Экспедиция оказалась триумфальной для Мутасима и его новой армии, неверные были убедительно повержены. Победу широко освещали и отразили даже в поэзии, включая длинную оду Абу Таммама, часто считавшуюся одним из шедевров нового, весьма вычурного стиля арабской поэзии, который вскоре стал модным при дворе.
Но не все новости были хорошими. Осада Амориона привела к выходу на поверхность кипящего недовольства военных. Похоже, коренной причиной явилось напряжение, возникшее между аристократами Хорасана, которые поддерживали Мамуна, и тюрками, выдвигаемыми Мутаснмом, которых первые считали не выше рабов. Утверждают, что некоторые из недовольных солдат говорили, что они скорее перейдут к византийцам, чем останутся под командованием «раба, сына шлюхи» вроде Ашинаса{460}.
Говорят, заговорщики планировали переворот, собираясь убить Мутасима и посадить на трон сына Мамуна — Аббаса. Согласно имеющимся источникам, конспираторы решили ударить, когда Мутасим находился в походе против Византии — видимо, надеясь успеть провернуть все в его отсутствие. Аббас тоже был участником заговора. Его торопили с действиями, когда армия двигалась через перевалы Тавра, но он проявил гибельную нерешительность, объяснив, что не хочет выступать, пока халиф не возьмет Аморион — может быть, чтобы его не обвинили в саботаже священной войны{461}.

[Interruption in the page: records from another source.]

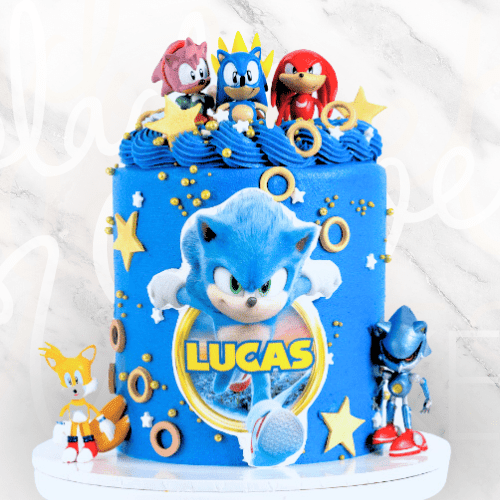 Sonic The Hedgehog Cake-BVSydney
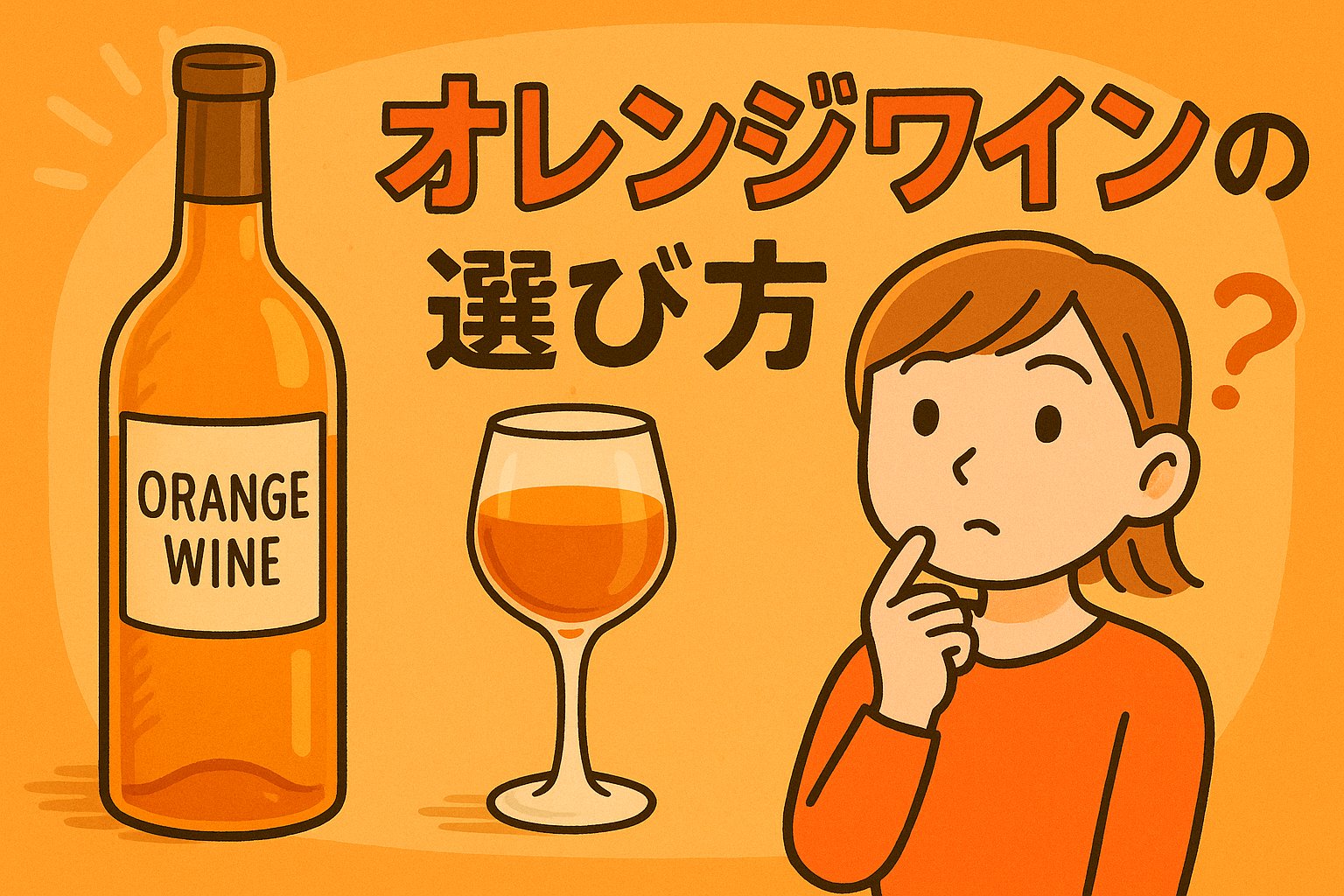 オレンジワイン　選び方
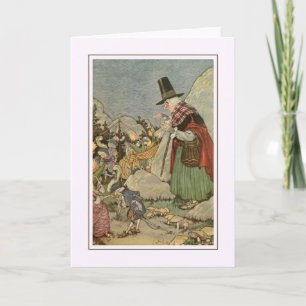 Carte Halloween vintage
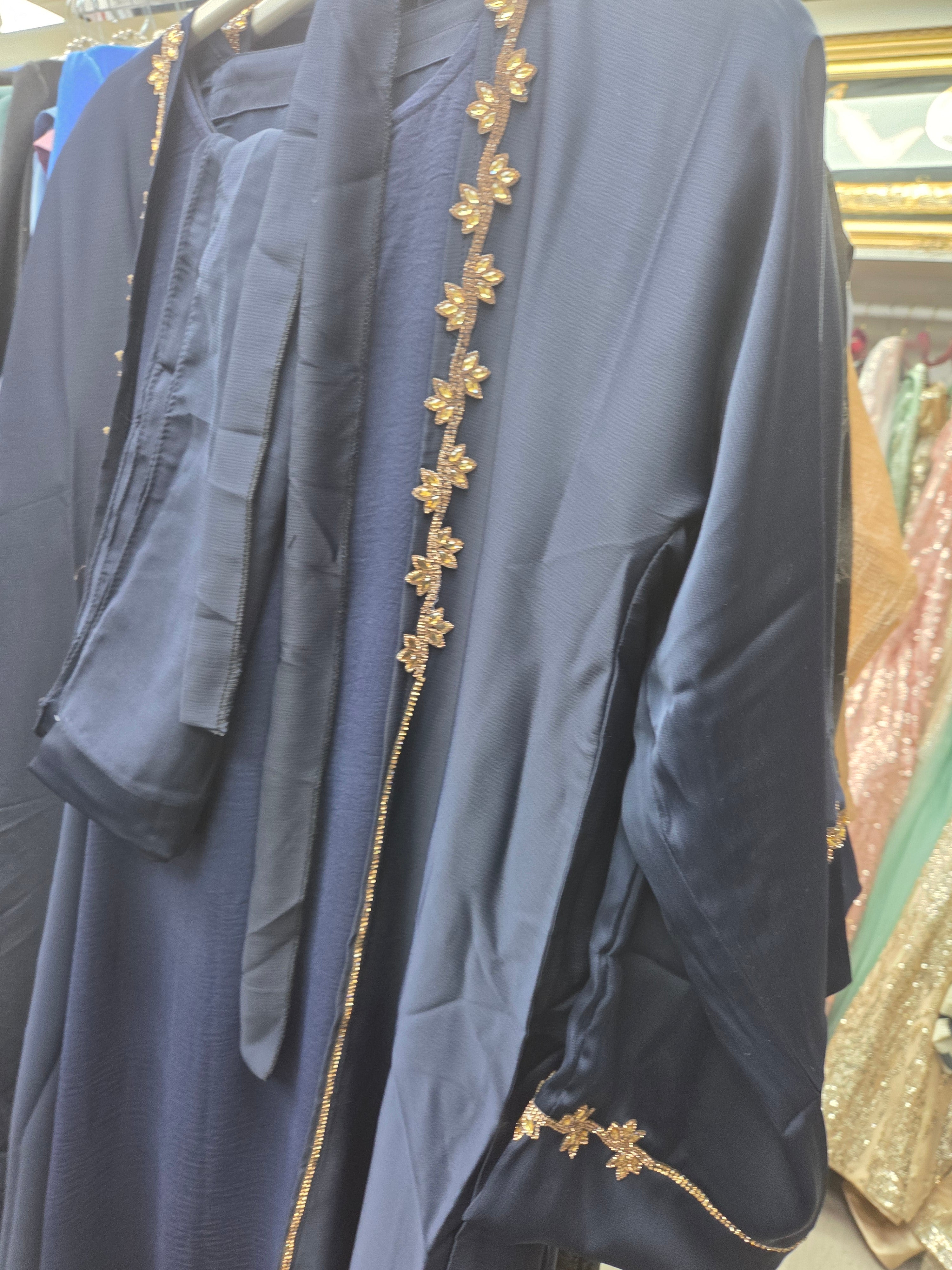 Kids abaya 2 pcs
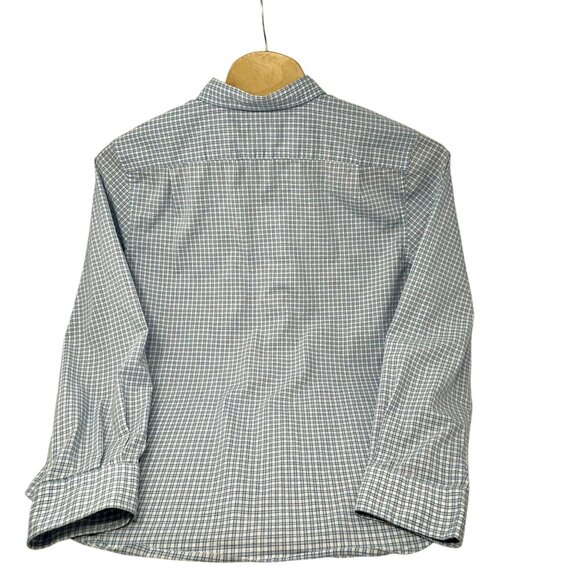 Nautica Mens Stretch Checkered Long Sleeve Shirt‎ - Size XL - Picture 4 of 6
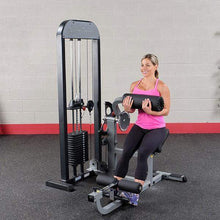 Load image into Gallery viewer, Body-Solid Pro Select Ab and Back Machine Abdominal Back Trainer - The Home Fitness Corp
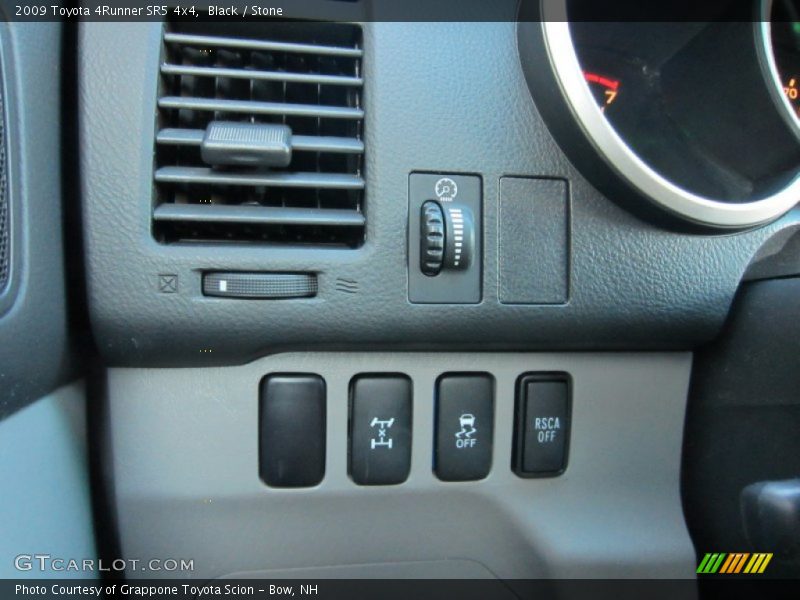 Black / Stone 2009 Toyota 4Runner SR5 4x4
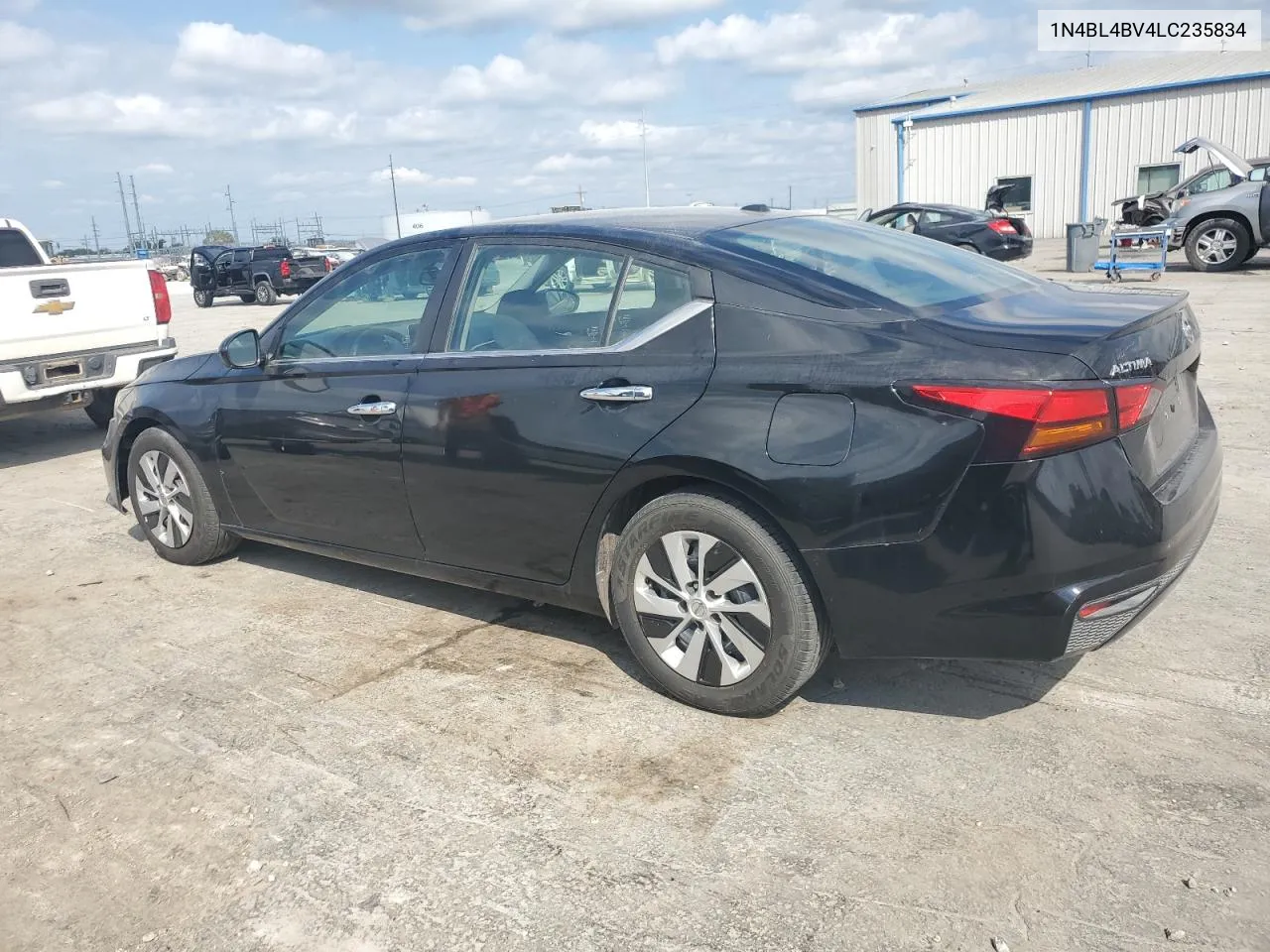 2020 Nissan Altima S VIN: 1N4BL4BV4LC235834 Lot: 72010254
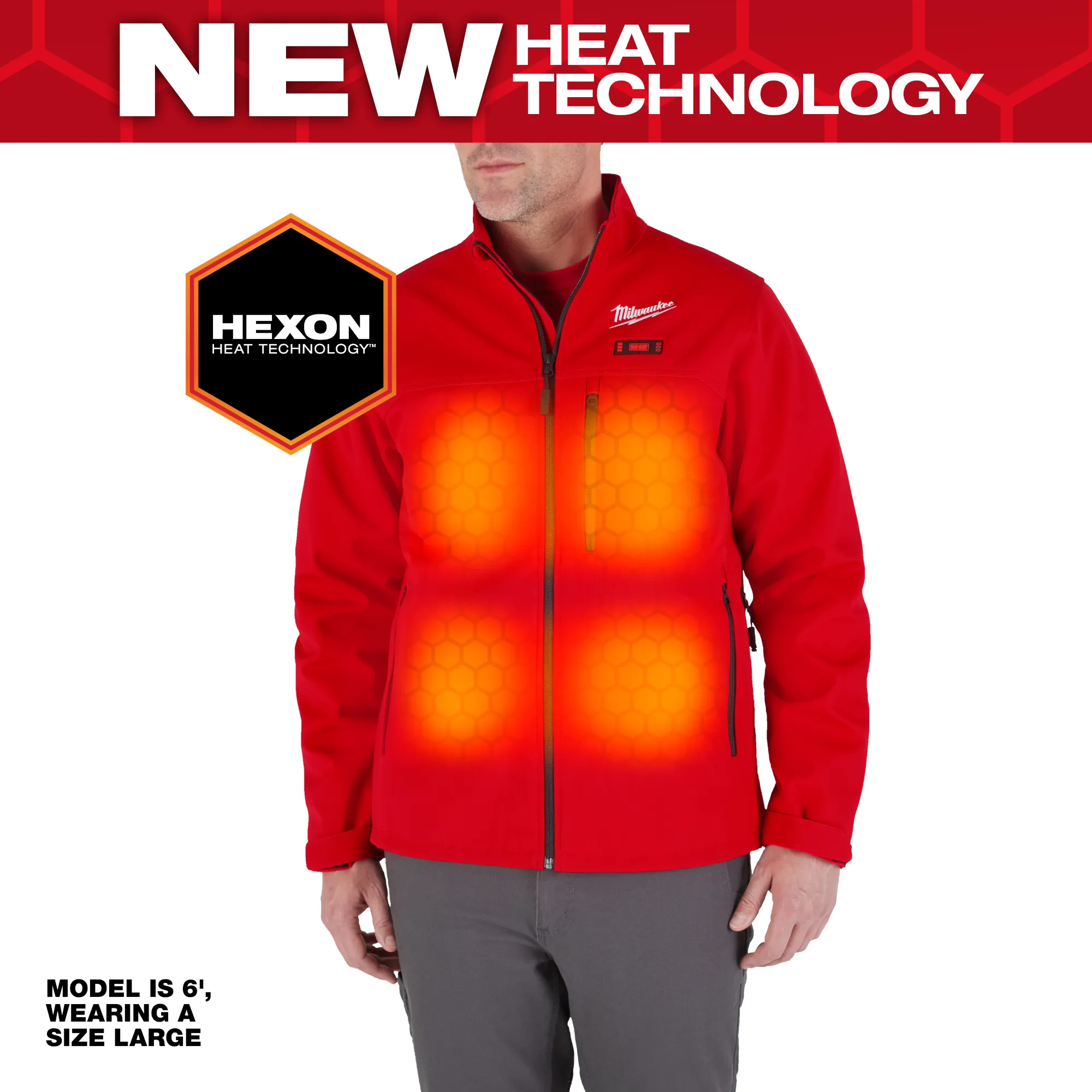 Milwaukee M100 M12™ Heated TOUGHSHELL™ Jacket - Edmondson Supply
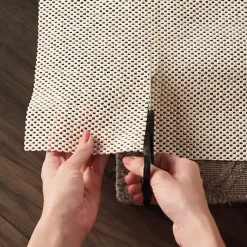 Kirklands Home Area Rugs|Gridlock Non-Slip Rug Pad, 3x4 Ivory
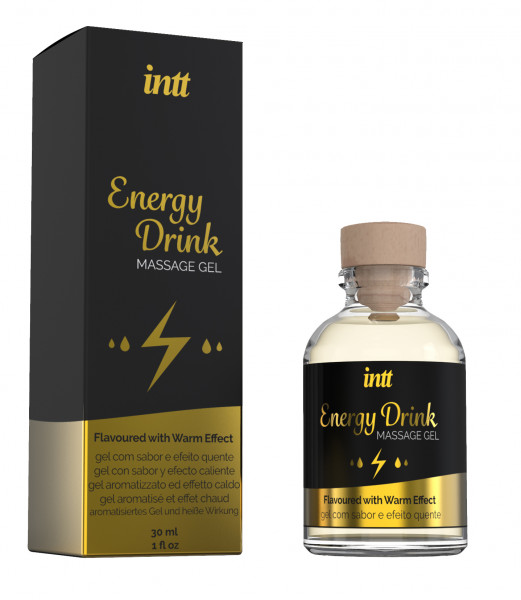 intt Massage Gel Energy Drink 30ml
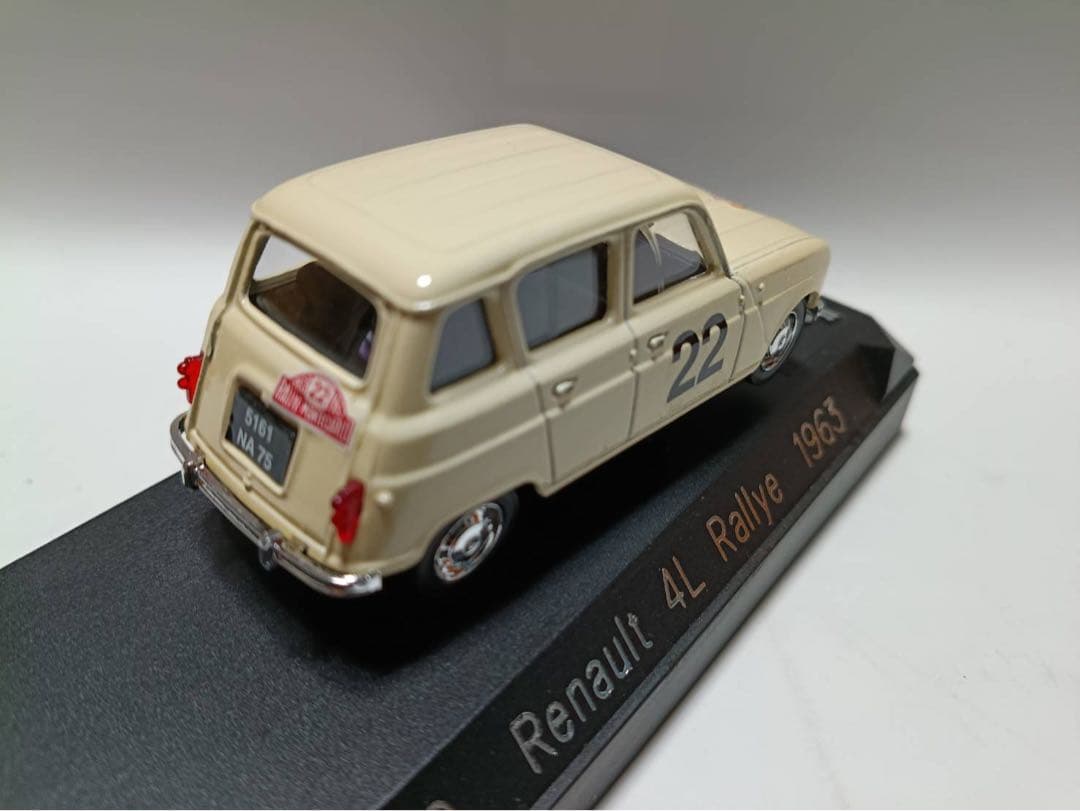 solido　ソリド　フランス車ミニカー（主にキャトル）8個セット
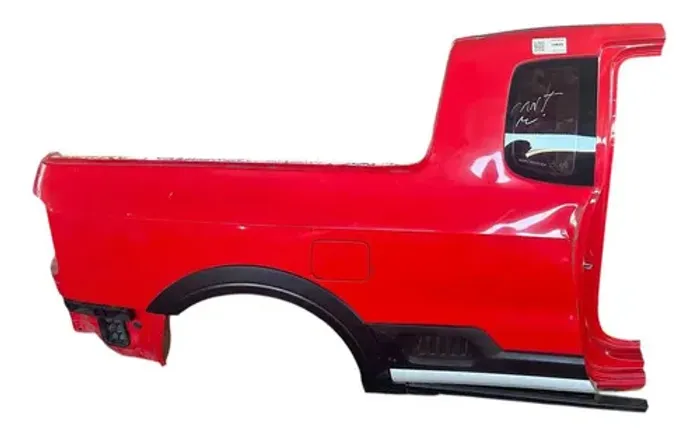 Lateral Direita Amassado Vw Saveiro Cabine Estendida G6 G7 Vermelho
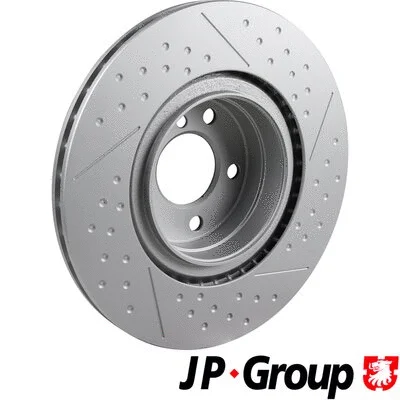1463205800 JP GROUP Тормозной диск (фото 2)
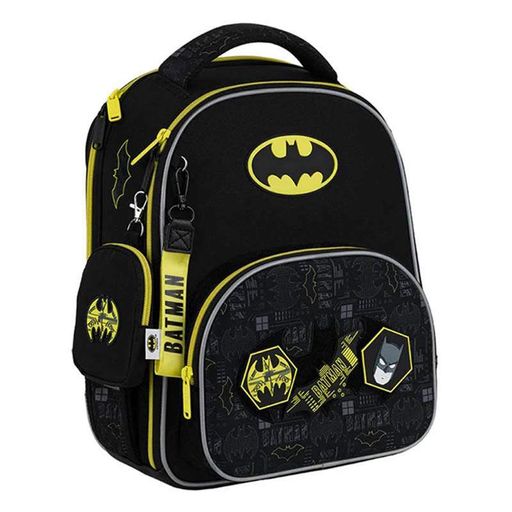 Школьный каркасный рюкзак Kite Education 556 DC Batman Черный 12 л (DC25-556M) (2116068)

Но к этому времени весть о заговоре уже разошлась весьма широко, назывались даже отдельные лица, которых назначили убить халифа и всех выдающихся тюркских военачальников. После сочинения Аббасом манифеста в гамлетовском стиле требовалось лишь время, чтобы шило вышло из мешка наружу. Слабое звено в цепи проявилось, когда один из офицеров, Ахмед ибн Халиль, пожаловался другому офицеру, Амру аль-Фергани, который был участником заговора, на поведение Ашинаса, под командой которого они оба служили. Товарищ заверил его, что вскоре избавится от несносного тюрка, и направил Ахмеда к человеку, который занимался вопросами конспирации{462}. Ашинас, похоже, уже подозревал обоих, поскольку они давно ворчали и просили перевода в другой отряд.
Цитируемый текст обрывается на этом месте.